Fêtard, impulsif, il lui arrive de passer quelques nuits dans les postes de police. Ce sont ces incartades qui auraient pu le priver de participer aux Jeux de Londres 1948 car il est nécessaire de disposer d’un certificat de bonne conduite. Il intègre l’équipe de France par défaut, car les meilleurs coureurs français ont choisi de passer professionnels.
Il sait qu’il ne doit pas laisser passer sa chance. Une victoire lui ouvrirait les portes du professionnalisme. C’est ainsi qu’il se retrouve dans le groupe d’échappés lors du dernier tour et sous la pluie londonienne, il s’impose détaché (photo). Sa victoire associée aux résultats des autres coureurs français Alain Moineau et Jacques Dupont lui permet également de remporter une médaille de bronze par équipe.
La Colombie, l’autre vie
Il passe professionnel l’année suivante, mais ne connaîtra pas le succès. Individualiste, il ne respecte pas les consignes de ses entraîneurs et répugne à aider son chef de file. En fin de carrière, il participe au Tour de Colombie en 1952 et s’y impose enfin. Beyaert tombe alors amoureux du pays et s’y installe. Il devient entraîneur de la sélection colombienne. Son travail permettra l’émergence de coureurs de talent, mais, faute d’argent, l’embellie sera de courte durée.

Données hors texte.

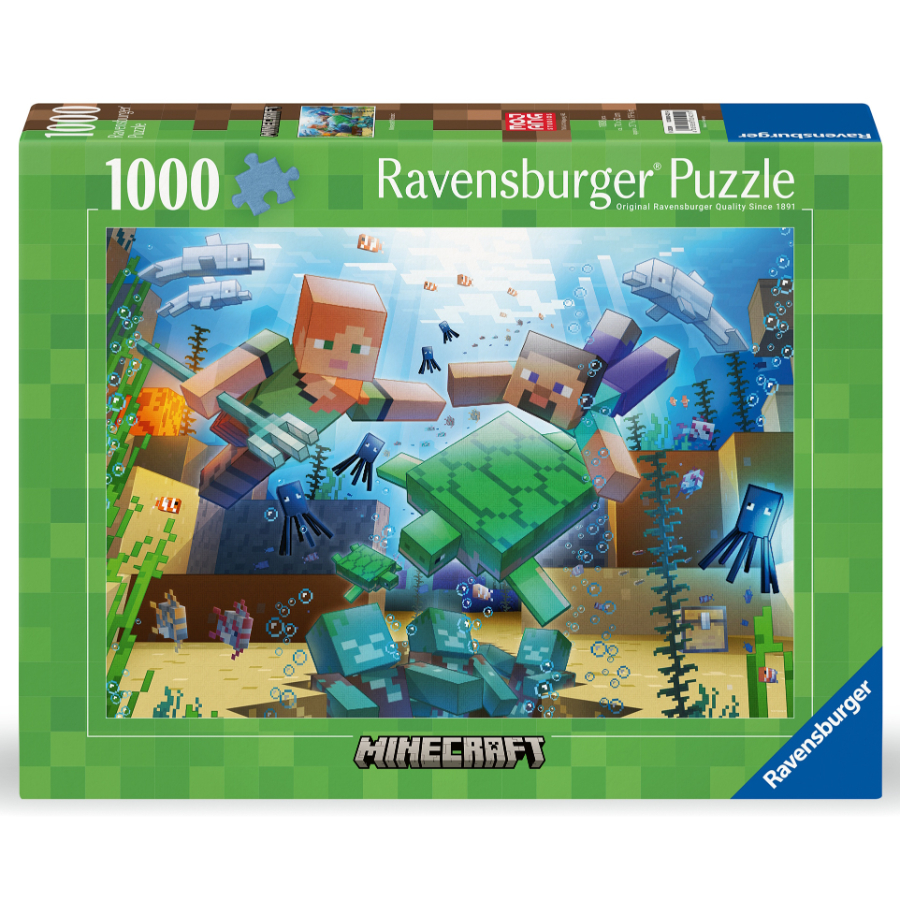 Ravensburger Puzzle Minecraft 1000 Piece Minecraft Mosaic SF
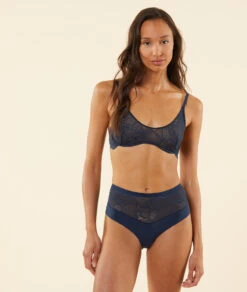 Culotte Midi Dentelle Florale 7 Culotte Midi Dentelle Florale -Luxe Lingerie Soldes 653658225 6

Il ouvre alors un bar pour son épouse et crée une scierie où il exploite les bois précieux. Un nouveau revers de fortune l’oblige à franchir la ligne rouge. Beyaert participe alors au trafic de drogue entre la Colombie et la France. Il est même mêlé à des meurtres. Il rentre en France dans les années 1990, discrètement, et termine sa vie, plus au calme en 2005.
Le journaliste anglais Matt Rendell, a écrit une biographie sur le coureur français. Il aurait pu l’intituler « l’homme aux mille vies ». Il a préféré l’appeler « Olympic gangster ».